Чтение песни «Не шуми, мати зеленая дубрава» в повести А.С. Пушкина. О чём поют восставшие? О чьей судьбе говорится в песне? Итак, пугачёвцы осознают, на что они идут, но их не остановить. И в сцене разговора с Гринёвым нам представляется истинное лицо Пугачёва: он прекрасно осознаёт своё положение, и поэтому уважает твёрдость Гринёва и его верность данной Екатерине Великой присяге.

С какими словами отпускает Гринёва?

7. Осада Оренбурга.

Гринёв едет в Оренбург, под стены которого через некоторое время приходят и пугачёвцы.

Историческая справка.

Ставка Пугачева находилась в пяти километрах от Оренбурга в Берде, ставшей столицей мятежной России. «Императорским дворцом» был дом казака Ситникова, стены в котором оклеили золоченой бумагой, караул несли 25 казаков. Здесь жила его гражданская жена Устинья Кузнецова, кою он велел именовать «блаховерною хосударынею амператрицею». Здесь Пугачев устраивал смотры и учения войску, составлял указы и манифесты «Петра III», которые он, будучи неграмотным, не умел подписать. В них «его амператорское величество» объявлял вечную волю, освобождение от труда на помещиков и заводчиков, от податей, раздавал землю и звал истреблять крепостников. Существенно, что указы провозглашали свободу вероисповедания.
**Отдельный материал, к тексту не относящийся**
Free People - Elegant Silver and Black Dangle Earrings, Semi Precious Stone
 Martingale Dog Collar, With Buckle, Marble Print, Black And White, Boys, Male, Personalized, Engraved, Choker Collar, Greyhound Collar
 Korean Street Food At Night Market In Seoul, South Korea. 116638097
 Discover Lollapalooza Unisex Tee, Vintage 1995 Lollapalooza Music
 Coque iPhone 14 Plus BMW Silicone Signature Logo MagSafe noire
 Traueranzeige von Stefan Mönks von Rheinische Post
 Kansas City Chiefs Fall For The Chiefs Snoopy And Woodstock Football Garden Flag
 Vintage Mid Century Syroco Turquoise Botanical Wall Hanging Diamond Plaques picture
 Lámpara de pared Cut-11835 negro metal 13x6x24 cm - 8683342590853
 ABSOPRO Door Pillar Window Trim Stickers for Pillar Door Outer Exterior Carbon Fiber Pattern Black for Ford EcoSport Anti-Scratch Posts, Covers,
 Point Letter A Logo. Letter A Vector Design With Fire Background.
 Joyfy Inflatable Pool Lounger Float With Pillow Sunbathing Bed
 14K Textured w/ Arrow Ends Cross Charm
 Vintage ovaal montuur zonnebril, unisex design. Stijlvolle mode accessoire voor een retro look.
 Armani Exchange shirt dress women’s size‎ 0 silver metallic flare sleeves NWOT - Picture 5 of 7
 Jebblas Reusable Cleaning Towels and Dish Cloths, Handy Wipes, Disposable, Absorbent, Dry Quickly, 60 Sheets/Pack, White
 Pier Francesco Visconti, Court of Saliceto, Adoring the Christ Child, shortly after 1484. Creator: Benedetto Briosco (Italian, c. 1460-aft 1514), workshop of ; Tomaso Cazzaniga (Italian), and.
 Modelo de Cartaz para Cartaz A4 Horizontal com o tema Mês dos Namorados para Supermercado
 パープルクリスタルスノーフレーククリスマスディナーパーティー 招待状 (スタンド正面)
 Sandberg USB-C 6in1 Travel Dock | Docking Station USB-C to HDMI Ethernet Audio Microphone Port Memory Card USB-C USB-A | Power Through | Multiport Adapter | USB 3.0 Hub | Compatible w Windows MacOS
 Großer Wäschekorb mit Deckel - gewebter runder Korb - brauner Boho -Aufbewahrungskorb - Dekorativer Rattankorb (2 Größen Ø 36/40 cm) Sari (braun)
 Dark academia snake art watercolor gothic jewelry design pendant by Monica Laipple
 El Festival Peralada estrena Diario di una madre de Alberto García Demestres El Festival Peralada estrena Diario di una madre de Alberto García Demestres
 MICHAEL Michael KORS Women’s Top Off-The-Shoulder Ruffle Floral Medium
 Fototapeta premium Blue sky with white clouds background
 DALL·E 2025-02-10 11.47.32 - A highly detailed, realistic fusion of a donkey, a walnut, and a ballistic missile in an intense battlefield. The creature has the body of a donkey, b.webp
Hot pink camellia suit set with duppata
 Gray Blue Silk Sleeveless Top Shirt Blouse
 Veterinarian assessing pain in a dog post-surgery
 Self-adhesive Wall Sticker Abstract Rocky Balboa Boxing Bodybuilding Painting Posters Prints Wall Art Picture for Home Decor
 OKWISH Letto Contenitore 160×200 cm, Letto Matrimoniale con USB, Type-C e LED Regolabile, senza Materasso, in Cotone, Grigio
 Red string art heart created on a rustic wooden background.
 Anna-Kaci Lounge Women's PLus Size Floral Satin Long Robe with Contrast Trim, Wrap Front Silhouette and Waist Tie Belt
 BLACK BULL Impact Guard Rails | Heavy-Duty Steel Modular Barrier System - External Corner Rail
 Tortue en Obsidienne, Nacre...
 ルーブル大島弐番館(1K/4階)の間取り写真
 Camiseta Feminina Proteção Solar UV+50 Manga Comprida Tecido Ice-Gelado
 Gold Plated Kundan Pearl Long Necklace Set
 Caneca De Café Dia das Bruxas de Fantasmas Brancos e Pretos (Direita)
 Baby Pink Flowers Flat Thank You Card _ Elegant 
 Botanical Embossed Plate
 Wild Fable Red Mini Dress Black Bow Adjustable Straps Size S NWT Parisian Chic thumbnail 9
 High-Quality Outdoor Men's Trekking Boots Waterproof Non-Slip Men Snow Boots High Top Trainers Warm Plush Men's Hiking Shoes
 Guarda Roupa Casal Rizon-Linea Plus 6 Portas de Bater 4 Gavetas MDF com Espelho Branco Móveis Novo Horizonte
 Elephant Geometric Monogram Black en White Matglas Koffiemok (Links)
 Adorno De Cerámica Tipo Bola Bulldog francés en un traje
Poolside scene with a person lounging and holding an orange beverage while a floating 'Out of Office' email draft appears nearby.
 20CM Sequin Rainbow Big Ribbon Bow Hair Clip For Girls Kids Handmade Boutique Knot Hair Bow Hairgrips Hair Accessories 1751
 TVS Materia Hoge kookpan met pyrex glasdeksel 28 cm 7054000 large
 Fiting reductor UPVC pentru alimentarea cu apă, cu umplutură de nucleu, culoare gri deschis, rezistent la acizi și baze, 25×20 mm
Получив письмо от Маши, Гринёв отправляется на её спасение. И опять встречается с Пугачёвым. И целый «дождь» милосердия проливается на героя романа, - когда Пётр Гринёв уже прямо является просить милости у самозванца. Пугачёв спасает героя и от мужицкой расправы (а ведь Гринёв с сабле в руках налетел на мужицкий отряд), и от гнева своих «енералов».

По-другому предстал перед нами Пугачёв в беседе с Гриневым. О чём они говорили? Почему Пугачёв отказывается от милосердия государыни? Чем прокомментировал свой отказ? (Рассказал сказку)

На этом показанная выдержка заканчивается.